Nice job there, gotta get to makin some myself...


----------



## All Buns Glazing

ERMERGHERD!!!!
Nice tube setup, man! I've been thinking about the best method for attaching single tubes OTF/TTF. That looks really good. How many shots have you put through it, my concerns would be
a) snapping off that tab







the bands working themselves out of that groove.

Do they work themselves out like bands tend to do on the whammo?


----------



## Sean

Nice slingshot and photo. Welcome to the forum.


----------



## WishBone

Thanks! The tube holds on to the tab very well. I made a test piece before trying it on the real thing. It was a single tube with a patch of leather attached to the tab. It sat on my desk for a week and I was constantly pulling and snapping it. Holds like a champ. the tab flares out and creates a "knob" when rolled and pshed in the tube with needle nose plyers.

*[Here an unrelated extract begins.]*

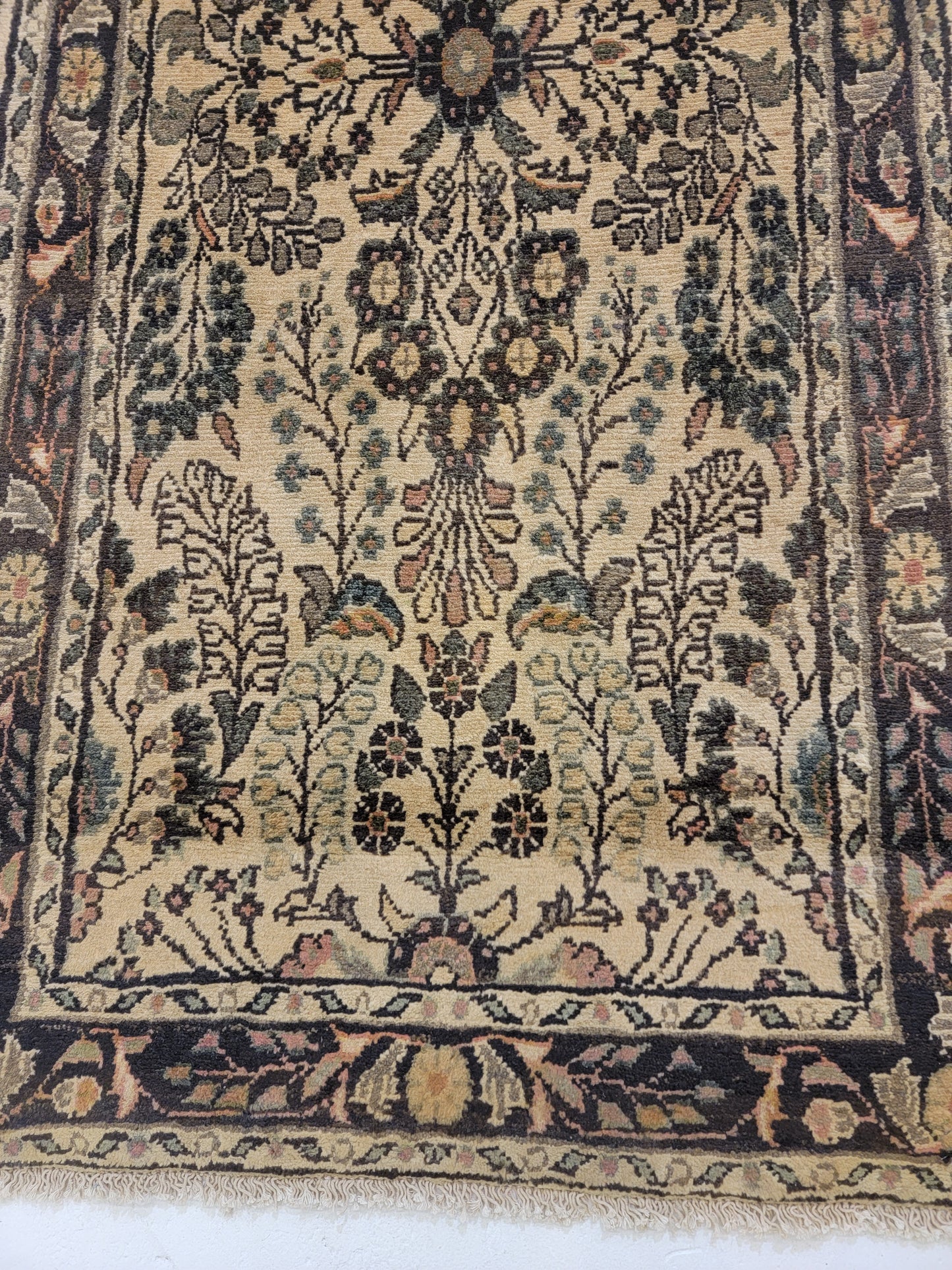 Antique Hand-Knotted Wool Runner Hamedan Rudbar 3' x 18'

The grooves hold great also. They are pretty tight. You have to pull the tube a ways to get it to fit. Could alway push a smal knot of leather in the tube to rest in the bend between the grooves, if it becomes a problem. Haven't seen them work out yet. I cut a little notch on the bend area on the fork for the tube to nest in also.


----------



## NaturalFork

Looks awesome! Great work.


----------



## All Buns Glazing

I demand up close and comprehensive photographs of that attachment method without bands - I think you're onto a winner here for an attachment method for my next shooter.


----------



## Imperial

All Buns Glazing said:


> I demand up close and comprehensive photographs of that attachment method without bands - I think you're onto a winner here for an attachment method for my next shooter.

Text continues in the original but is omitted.